Garage Bar, perhaps the greatest no-brainer for a stellar al fresco setup, boasts seat-yourself picnic tables, served seating under the covered “garage,” air hockey tables and the vintage bones of an old service station. Garage Bar is so pet friendly, they even play host to a “Yappy Hour” on the last Sunday of each month throughout Summer and Fall, where treats and an outdoor bar abound, and often local animal rescue organizations set up with adoptable cuties. Stick a fork in me: There are basil gimlets and Great Danes posing on Astroturf pyramids.

Vines and Canines, located in Douglass Loop (1985 Douglass Blvd.), has a concept that intertwines booze and dogs. Owner Marc Demichele says, “There are only two necessities in life: a good dog and a great bottle of wine.” A wine and bourbon market with a soon-to-launch Euro-wine nook outside, your pooch is invited to peruse with you an eclectic selection and socialize at their daily wine tastings. Marc and his team promote local animal adoptions and frequently host events for rescue groups, and if you get lucky, you can make a night of it with Great Flood Brewing Company just around the corner, which often has a food truck parked out front. Score!

The no-frills Germantown neighborhood watering hole, Nach Bar, can easily be confused with a dog park with beer taps, as there are commonly many dogs meandering around the bar greeting strangers off leash. Nach Bar was, up until recently, home to an awesome “gives no fucks” black cat named Magic (may he rest in peace as the mayor of Charles Street), and you still may find some cat hair in your beer from time to time. And, really, if a little cat hair bothers you, you don’t belong in Germantown anyway.

Apocalypse Brew Works, which straddles Clifton and Butchertown, albeit only open weekends, is highly dog friendly and actually sells dog treats made in house from brewer’s yeast. Upon entering their Memorial Day cookout, my boyfriend, our dogs and myself were greeted by owner Bill Krauth, who encouraged us to bring them inside (which they call the “fallout shelter”), where about five bar stools and the beer taps reside. And if you’re lucky like we were, Apocalypse will be playing host to the new V-Grits food truck in their parking lot, so you can enjoy some loaded BBQ mac-n-cheese with your Apollo IPA.
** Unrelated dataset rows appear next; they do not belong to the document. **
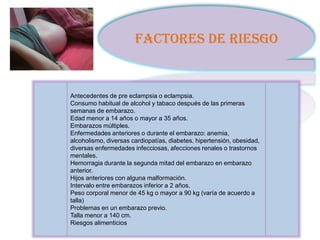 FACTORES DE RIESGO


Antecedentes de pre eclampsia o eclampsia.
Consumo habitual de alcohol y tabaco después de las primeras
semanas de embarazo.
Edad menor a 14 años o mayor a 35 años.
Embarazos múltiples.
Enfermedades anteriores o durante el embarazo: anemia,
alcoholismo, diversas cardiopatías, diabetes, hipertensión, obesidad,
diversas enfermedades infecciosas, afecciones renales o trastornos
mentales.
Hemorragia durante la segunda mitad del embarazo en embarazo
anterior.
Hijos anteriores con alguna malformación.
Intervalo entre embarazos inferior a 2 años.
Peso corporal menor de 45 kg o mayor a 90 kg (varía de acuerdo a
talla)
Problemas en un embarazo previo.
Talla menor a 140 cm.
Riesgos alimenticios
 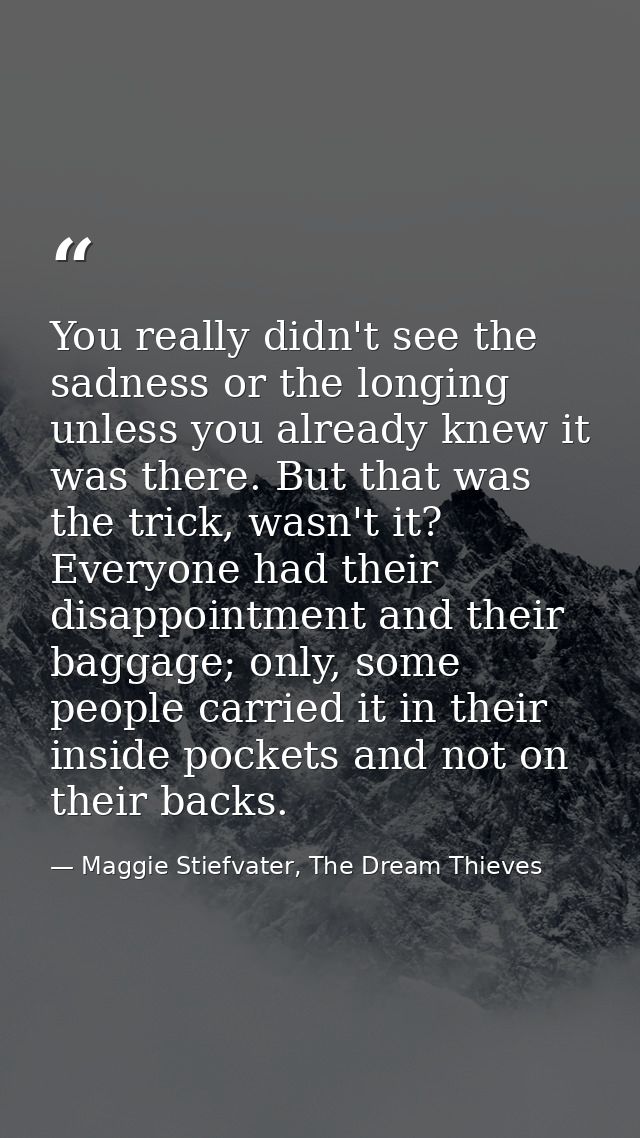 You really didn't see the sadness or the longing unless you already knew it was there. But that was the trick, wasn't it — Maggie Stiefvater, The Dream Thieves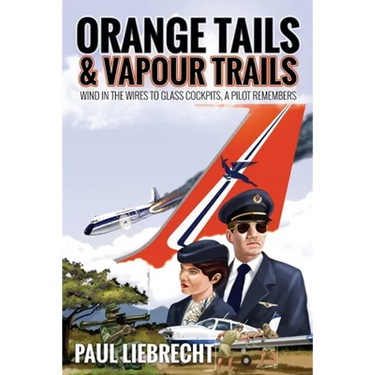 Orange Tails and Vapour Trails: Wind in the Wires to Glass Cockpits - A Pilot Remembers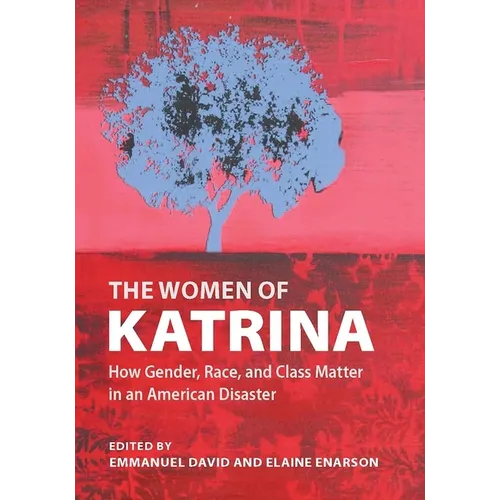 The Women of Katrina: How Gender, Race, and Class Matter in an American Disaster
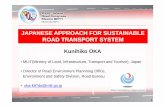 JAPANESE APPROACH FOR SUSTAINABLE ROAD TRANSPORT … · 2011-10-27 · JAPANESE APPROACH FOR SUSTAINABLE ROAD TRANSPORT SYSTEM Kunihiko OKA ROAD TRANSPORT SYSTEM • MLIT(Ministry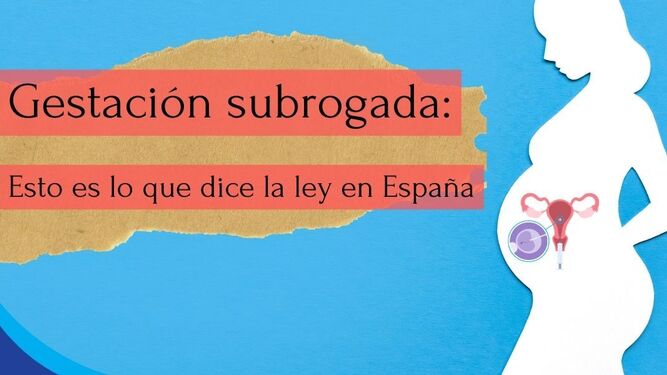 Gestación subrogada: esto es lo que dice la ley española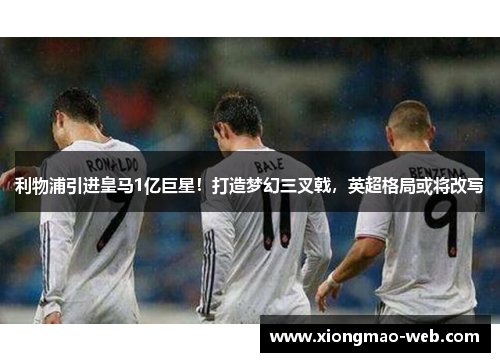 利物浦引进皇马1亿巨星！打造梦幻三叉戟，英超格局或将改写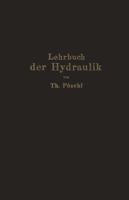 Lehrbuch Der Hydraulik Fur Ingenieure Und Physiker: Zum Gebrauche Bei Vorlesungen Und Zum Selbststudium 3642983154 Book Cover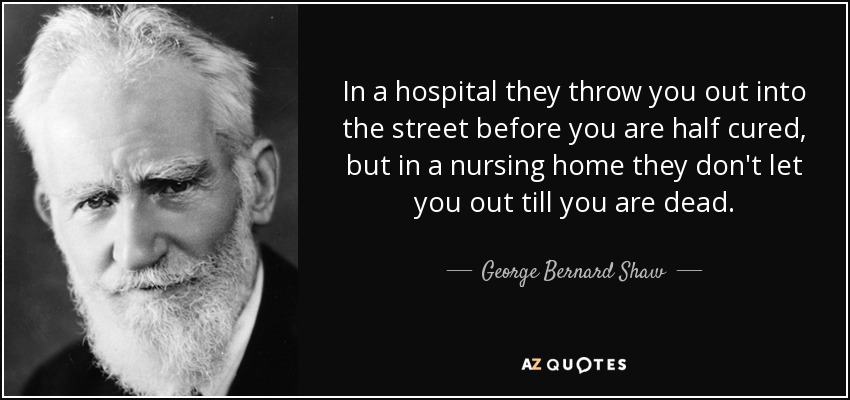 In a hospital they throw you out into the street before you are half cured, but in a nursing home they don't let you out till you are dead. - George Bernard Shaw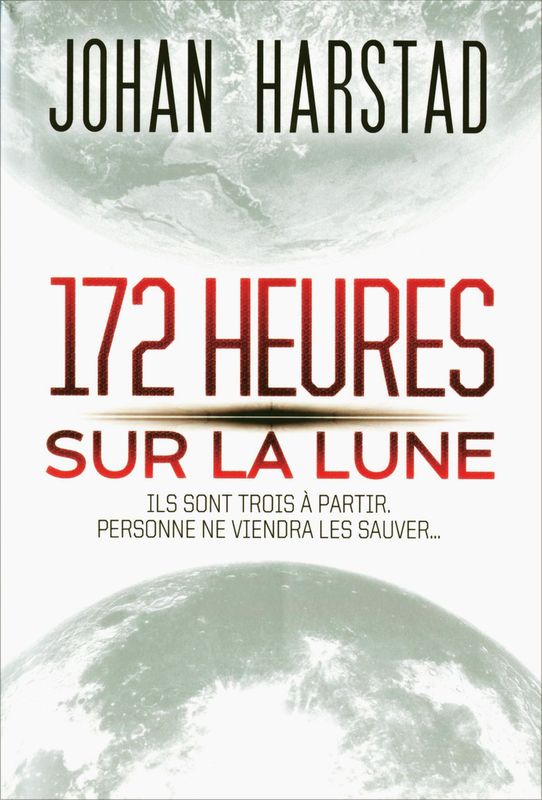 172 heures sur la Lune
Make no mistake — I am well aware there are limitations, health codes, city permits, etc., when it comes to allowing our pup friends to enter a business or festival. I’m simply paying homage to those that have gone the extra mile to make sure Fido can partake in the fun (and be my designated driver at the end of the night, duh). I think it can be as simple as throwing an extra table or two out front, like Hilltop Tavern or Flanagan’s Ale House did. It’s no secret, like in many cases, that when it comes to allowing pets at certain events, one bad apple can ruin the bunch. I get it — a large Goldendoodle dragging down an elderly woman or a steaming pile of doo on the bottom of your new Toms is certainly a buzz kill. But, c’mon Greg, we all know that the geese were really the culprit when it came to crapping all over the Big Four Bridge.